## Exercise details
Without including the pictures, copy each line below exactly as it reads.

··· Excerpted records ···

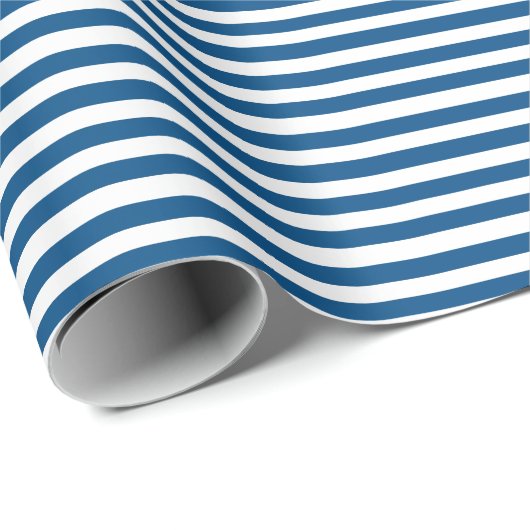 Blauwe en witte strepen cadeaupapier (Rol Hoek)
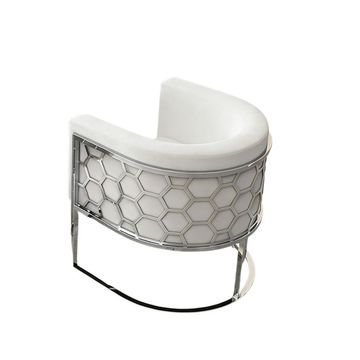 Contemporary Honeycomb Accent Chair &ndash; White & Gold(1 chair)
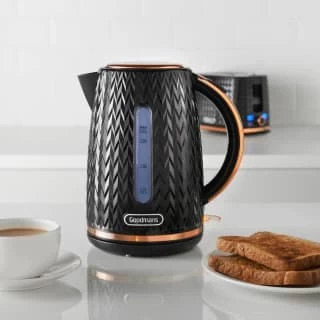 Goodmans Textured Kettle 1.7L - Black & Rose Gold - Image 2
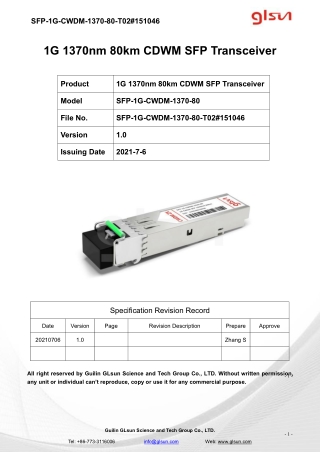 1G 1370nm 80km CDWM SFP Transceiver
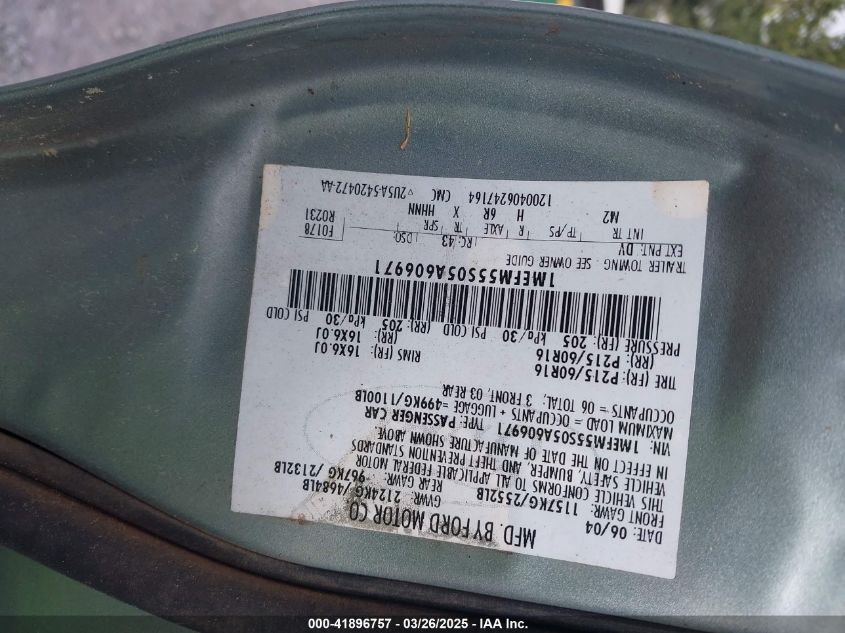 2005 Mercury Sable Ls VIN: 1MEFM55S05A606971 Lot: 41896757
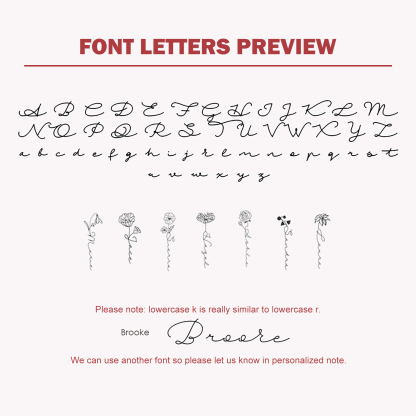 Personalised Birth Flower Name Necklace Classic Name Necklace for Her-Jessemade AU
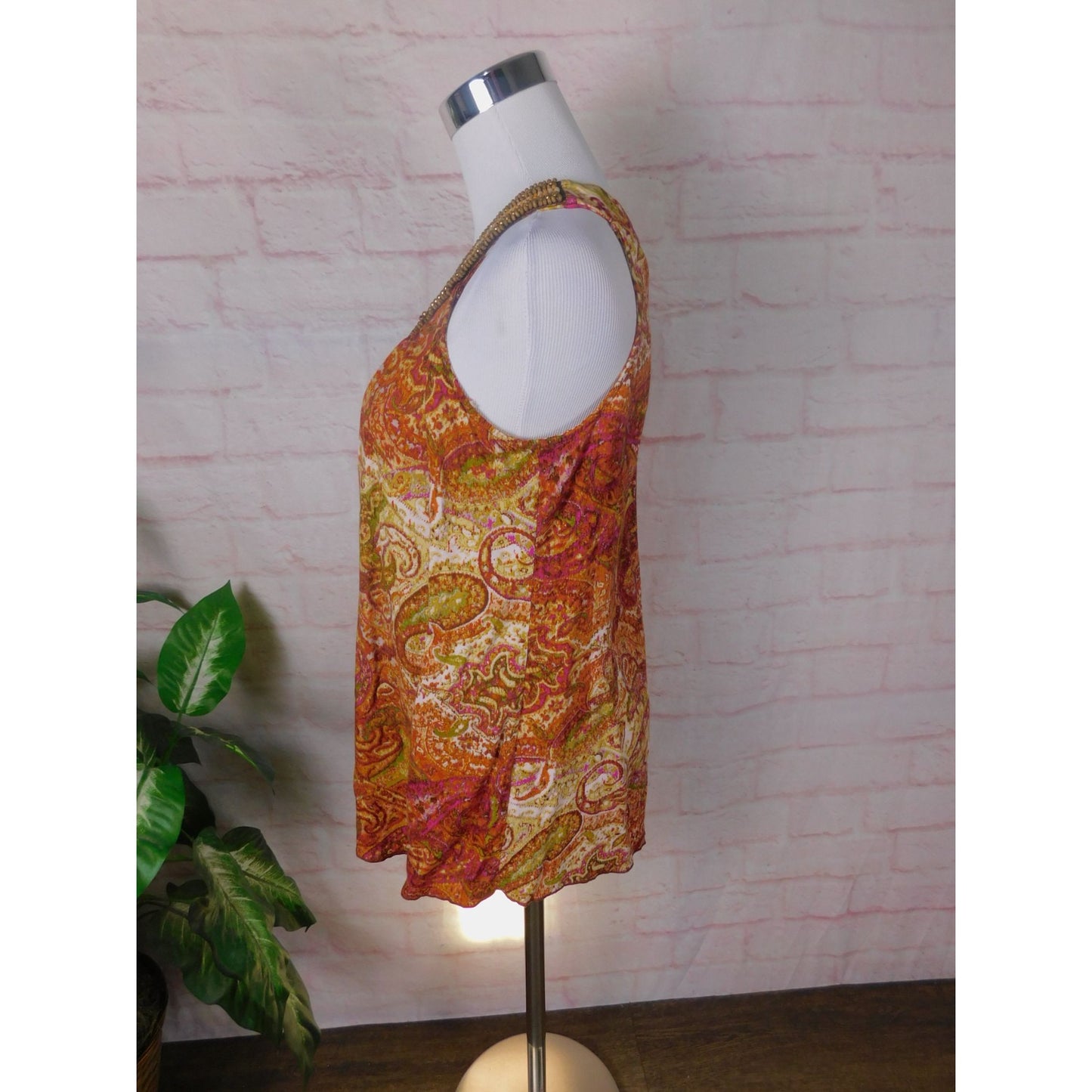 Dressbarn Beaded Paisley Halter Top L Women Boho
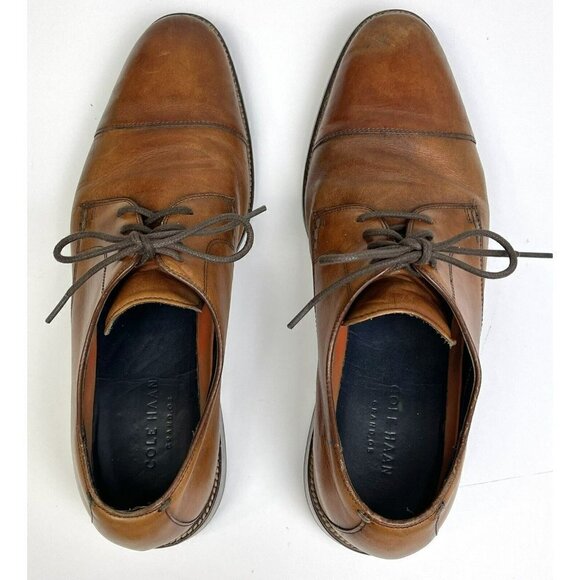 COLE HAAN Mens US 11M British Tan Modern Essentials Cap Toe Oxfords SHOES EUC - Picture 5 of 6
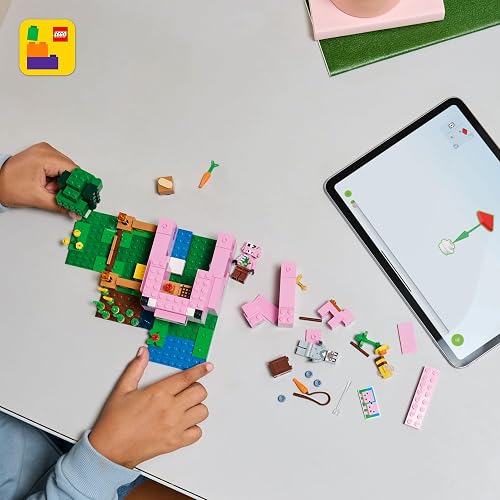 LEGO® Minecraft® La Casa-Cerdo Bebé Juguete de construcción basado en el Videojuego con un Piglin Zombificado en el bioma Bosque, Regalo para niñas y niños Desde 7 años 21268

···

## Answer to the exercise
 Blauwe en witte strepen cadeaupapier (Rol Hoek)
 Contemporary Honeycomb Accent Chair &ndash; White & Gold(1 chair)
 Goodmans Textured Kettle 1.7L - Black & Rose Gold - Image 2
 1G 1370nm 80km CDWM SFP Transceiver
 2005 Mercury Sable Ls VIN: 1MEFM55S05A606971 Lot: 41896757
 Personalised Birth Flower Name Necklace Classic Name Necklace for Her-Jessemade AU
 Dressbarn Beaded Paisley Halter Top L Women Boho
 COLE HAAN Mens US 11M British Tan Modern Essentials Cap Toe Oxfords SHOES EUC - Picture 5 of 6
 LEGO® Minecraft® La Casa-Cerdo Bebé Juguete de construcción basado en el Videojuego con un Piglin Zombificado en el bioma Bosque, Regalo para niñas y niños Desde 7 años 21268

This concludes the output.